Guinea-Bissau was once part of the kingdom of Gabu, part of the Mali Empire; parts of this kingdom persisted until the eighteenth century, while others were part of the Portuguese Empire. Portuguese Guinea was known also, from its main economic activity, as the Slave Coast.
Early reports of Europeans reaching this area include those of the Venetian Alvise Cadamosto's voyage of 1455, the 1479-1480 voyage by Flemish-French trader Eustache de la Fosse, and Diogo Cão who in the 1480s reached the Congo River and the lands of Bakongo, setting up thus the foundations of modern Angola, some 1200 km down the African coast from Guinea-Bissau.

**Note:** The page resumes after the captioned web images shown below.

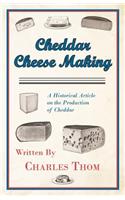 Cheddar Cheese Making - A Historical Article on the Production of Cheddar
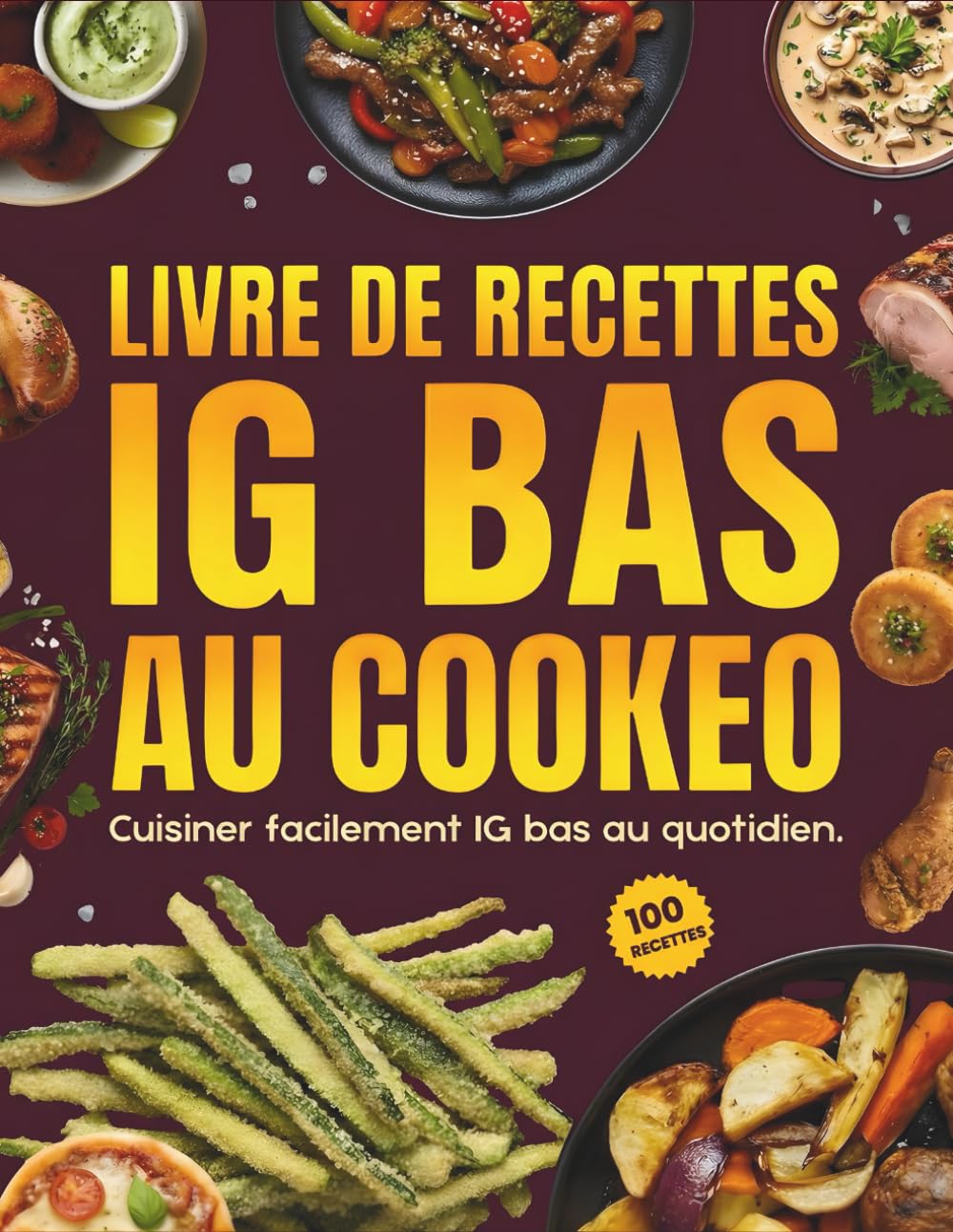 Livre de Recettes IG Bas au Cookeo: Cuisiner facilement IG bas au quotidien | 100 recettes rapides, simples et gourmandes pour des repas savoureux chaque jour
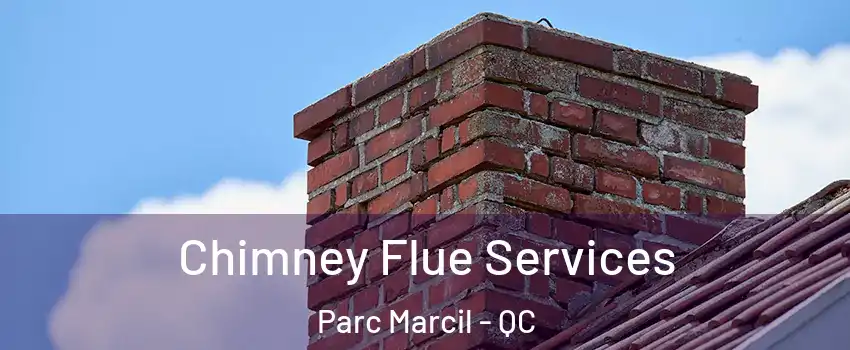  Chimney Flue Services Parc Marcil - QC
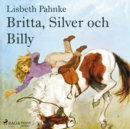 Britta, Silver och Billy - eAudiobook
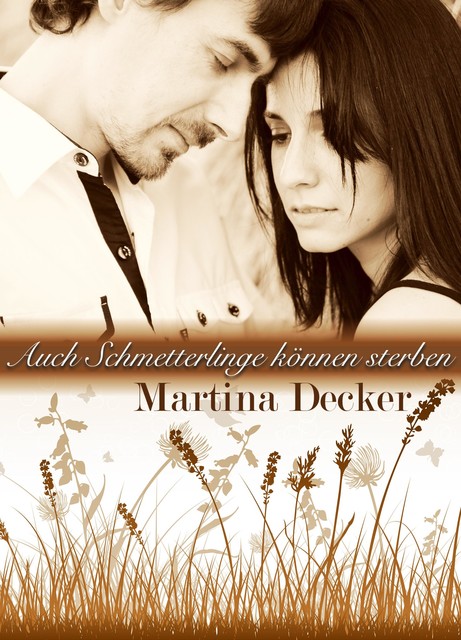 Auch Schmetterlinge können sterben, Martina Decker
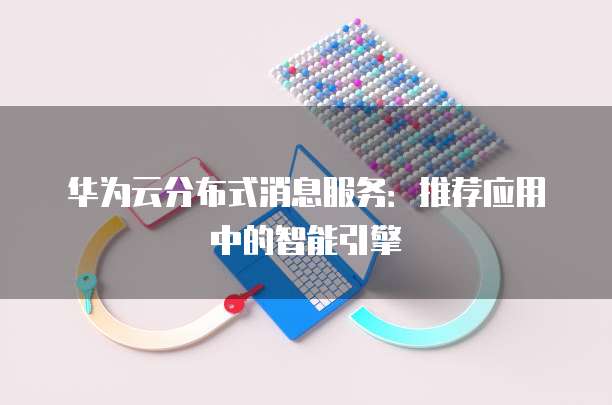 华为云分布式消息服务:推荐应用中的智能引擎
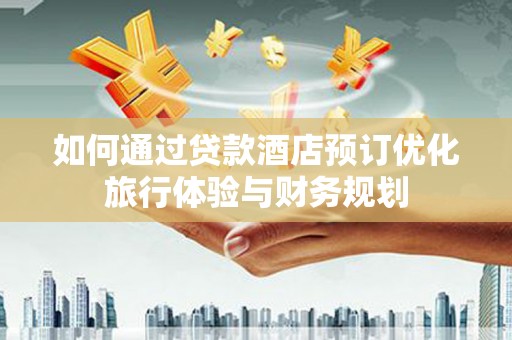 商河如何通过贷款酒店预订优化旅行体验与财务规划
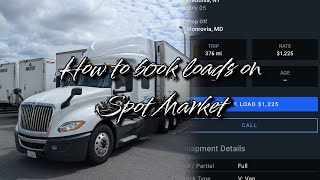 How to book loads on the spot market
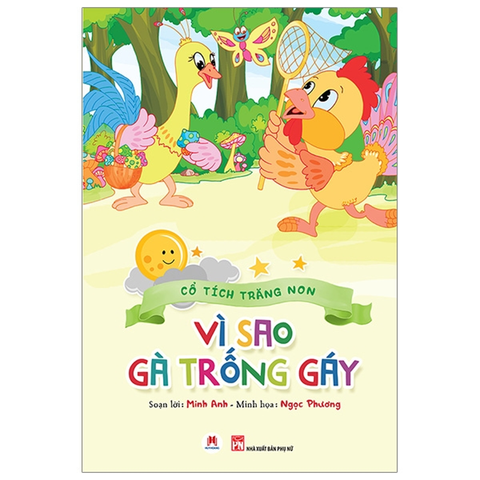 Cổ Tích Trăng Non - Vì Sao Gà Trống Gáy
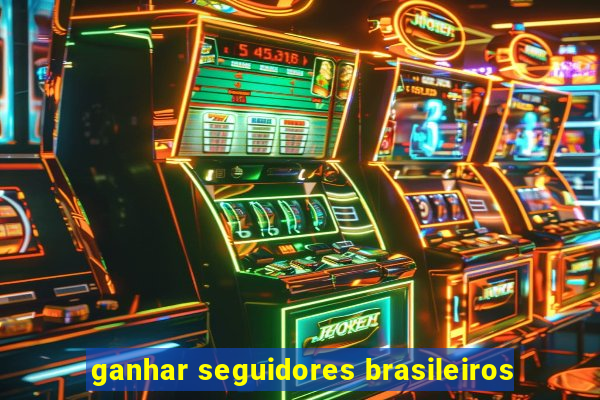 ganhar seguidores brasileiros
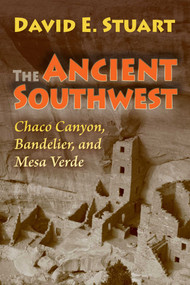 The Ancient Southwest (Chaco Canyon, Bandelier, and Mesa Verde) by David E. Stuart, 9780826346384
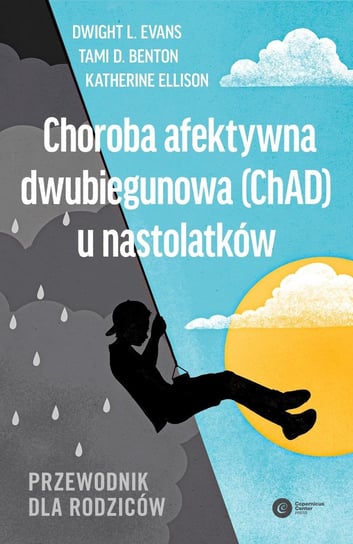 Choroba afektywna dwubiegunowa (ChAD) u nastolatków. Przewodnik dla rodziców - ebook mobi Evans Dwight, Ellison Katherine, Tami D. Benton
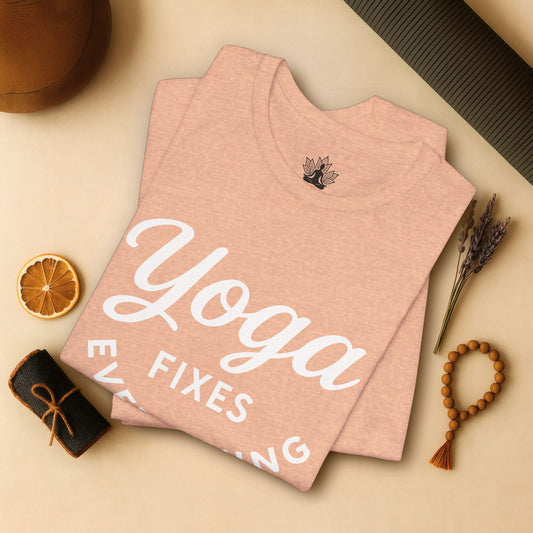 Yoga Fixes Everything – Minimalist Yoga Graphic Tee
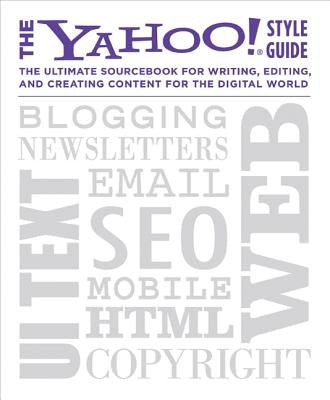 The Yahoo! Style Guide: The Ultimate Sourcebook for Writing, Editing, and Creating Content for the Digital World by Barr, Chris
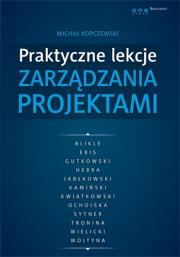 Okładka książki Praktyczne lekcje zarządzania projektami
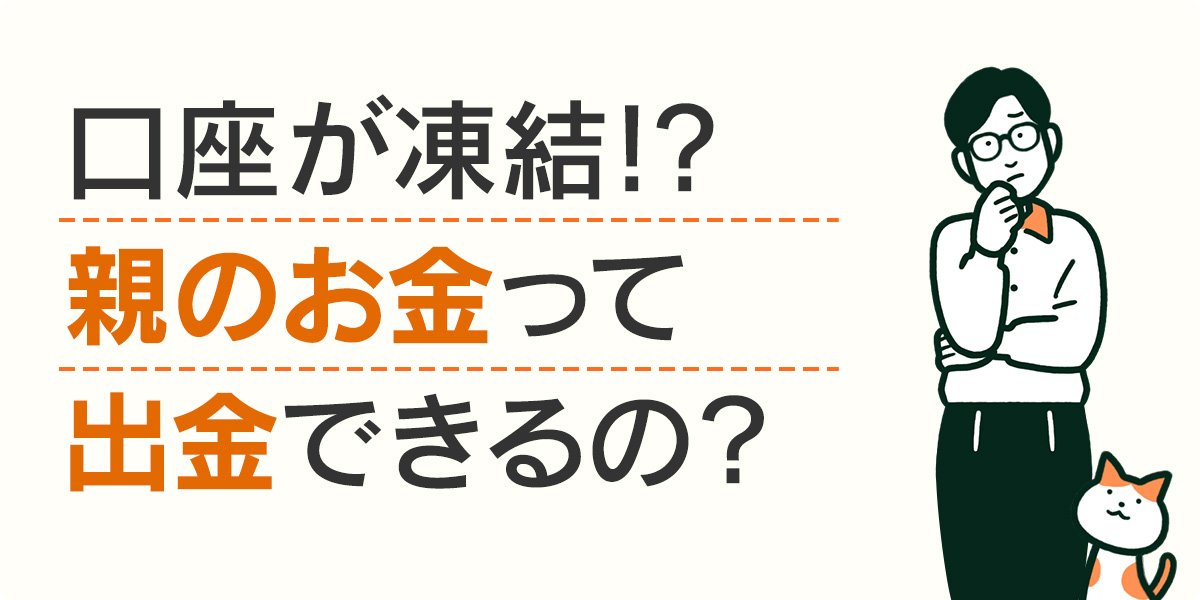 口座が凍結！？親のお金って出金できるの？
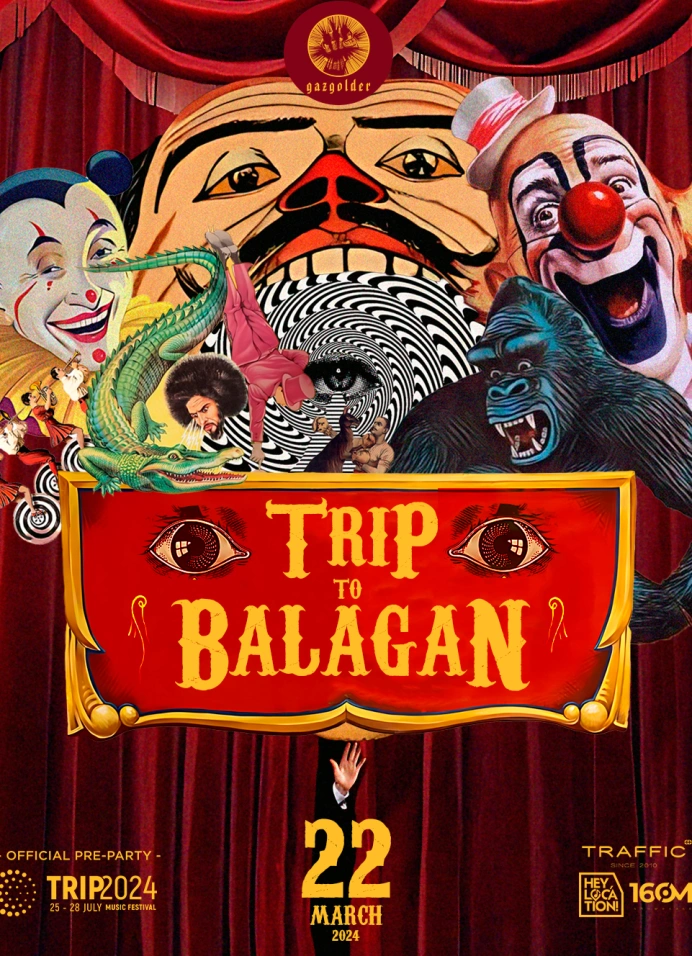 Trip To Balagan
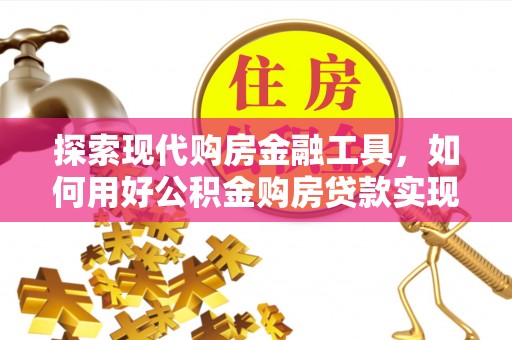 田家庵探索现代购房金融工具，如何用好公积金购房贷款实现置业梦想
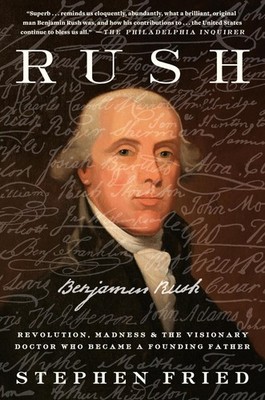 Rush: Revolution, Madness, and Benjamin Rush, the Visionary Doctor Who Becam...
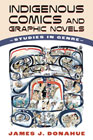 Image: Indigenous Comics and Graphic Novels: Studies in Genre SC  - University Press of Mississipp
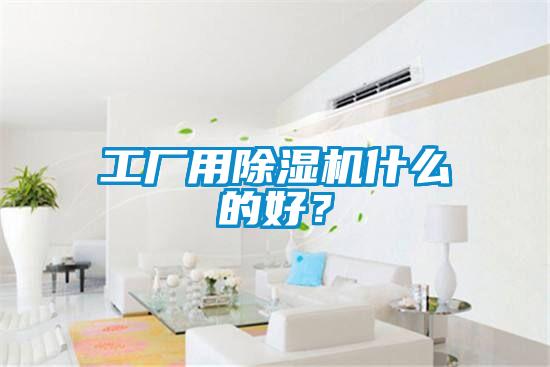 工廠用除濕機(jī)什么的好？
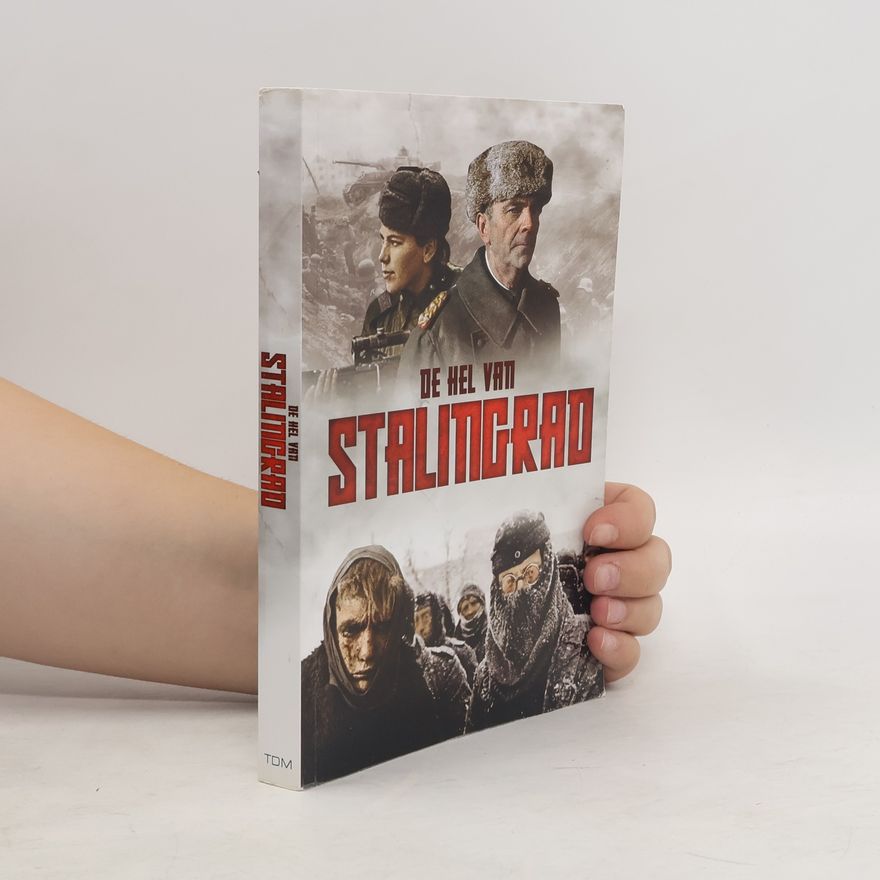 Peter Steeman De hel van Stalingrad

Although the rivers and coast of this area were among the first places colonized by the Portuguese, since the 16th century, the interior was not explored until the nineteenth century. The local African rulers in Guinea, some of whom prospered greatly from the slave trade, had no interest in allowing the Europeans any further inland than the fortified coastal settlements where the trading took place. African communities that fought back against slave traders had even greater incentives to distrust European adventurers and would-be settlers. The Portuguese presence in Guinea was therefore largely limited to the port of Bissau and Cacheu, although isolated European farmer-settlers established farms along Bissau's inland rivers.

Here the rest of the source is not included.